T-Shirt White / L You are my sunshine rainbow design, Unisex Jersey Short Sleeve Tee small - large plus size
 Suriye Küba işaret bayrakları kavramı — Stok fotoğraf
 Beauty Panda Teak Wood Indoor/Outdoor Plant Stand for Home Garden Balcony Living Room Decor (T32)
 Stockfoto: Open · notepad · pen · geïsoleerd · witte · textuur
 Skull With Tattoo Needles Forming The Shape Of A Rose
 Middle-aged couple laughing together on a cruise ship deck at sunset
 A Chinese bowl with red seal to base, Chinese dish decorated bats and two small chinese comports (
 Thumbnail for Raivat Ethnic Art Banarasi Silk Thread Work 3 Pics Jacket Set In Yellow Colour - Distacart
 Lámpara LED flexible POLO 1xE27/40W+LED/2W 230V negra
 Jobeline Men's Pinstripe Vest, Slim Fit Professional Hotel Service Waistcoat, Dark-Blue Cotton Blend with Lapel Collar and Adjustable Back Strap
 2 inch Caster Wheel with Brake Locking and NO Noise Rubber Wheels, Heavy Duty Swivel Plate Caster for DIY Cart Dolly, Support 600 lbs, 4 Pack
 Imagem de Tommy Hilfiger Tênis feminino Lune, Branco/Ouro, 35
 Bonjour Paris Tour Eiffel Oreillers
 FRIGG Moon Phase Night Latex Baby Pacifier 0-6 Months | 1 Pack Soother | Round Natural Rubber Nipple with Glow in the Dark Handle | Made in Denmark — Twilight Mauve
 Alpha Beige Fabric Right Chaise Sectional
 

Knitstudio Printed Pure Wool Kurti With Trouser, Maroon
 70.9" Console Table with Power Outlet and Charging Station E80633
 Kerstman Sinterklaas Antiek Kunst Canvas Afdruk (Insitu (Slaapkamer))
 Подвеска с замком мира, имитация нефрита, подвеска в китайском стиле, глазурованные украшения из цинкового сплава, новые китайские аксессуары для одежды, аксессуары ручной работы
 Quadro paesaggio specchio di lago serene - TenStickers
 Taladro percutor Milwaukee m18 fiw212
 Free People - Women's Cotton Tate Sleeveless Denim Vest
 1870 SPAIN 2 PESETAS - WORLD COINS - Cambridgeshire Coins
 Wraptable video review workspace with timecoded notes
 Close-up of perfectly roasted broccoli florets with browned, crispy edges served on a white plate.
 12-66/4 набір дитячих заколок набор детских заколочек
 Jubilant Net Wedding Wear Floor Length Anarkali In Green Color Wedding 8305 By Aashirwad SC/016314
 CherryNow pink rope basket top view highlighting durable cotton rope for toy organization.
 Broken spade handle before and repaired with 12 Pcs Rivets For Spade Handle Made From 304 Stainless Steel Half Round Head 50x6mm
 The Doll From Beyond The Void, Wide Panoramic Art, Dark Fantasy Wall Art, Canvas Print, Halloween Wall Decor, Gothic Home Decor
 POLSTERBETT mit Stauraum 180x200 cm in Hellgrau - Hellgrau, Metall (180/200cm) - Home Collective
━━━━━━━━
WORK INSTRUCTIONS – Repeat the lines above, from the one containing "Taladro percutor Milwaukee m18 fiw212" to the final line, word for word and with nothing else.

FINAL ANSWER –
 Taladro percutor Milwaukee m18 fiw212
 Free People - Women's Cotton Tate Sleeveless Denim Vest
 1870 SPAIN 2 PESETAS - WORLD COINS - Cambridgeshire Coins
 Wraptable video review workspace with timecoded notes
 Close-up of perfectly roasted broccoli florets with browned, crispy edges served on a white plate.
 12-66/4 набір дитячих заколок набор детских заколочек
 Jubilant Net Wedding Wear Floor Length Anarkali In Green Color Wedding 8305 By Aashirwad SC/016314
 CherryNow pink rope basket top view highlighting durable cotton rope for toy organization.
 Broken spade handle before and repaired with 12 Pcs Rivets For Spade Handle Made From 304 Stainless Steel Half Round Head 50x6mm
 The Doll From Beyond The Void, Wide Panoramic Art, Dark Fantasy Wall Art, Canvas Print, Halloween Wall Decor, Gothic Home Decor
 POLSTERBETT mit Stauraum 180x200 cm in Hellgrau - Hellgrau, Metall (180/200cm) - Home Collective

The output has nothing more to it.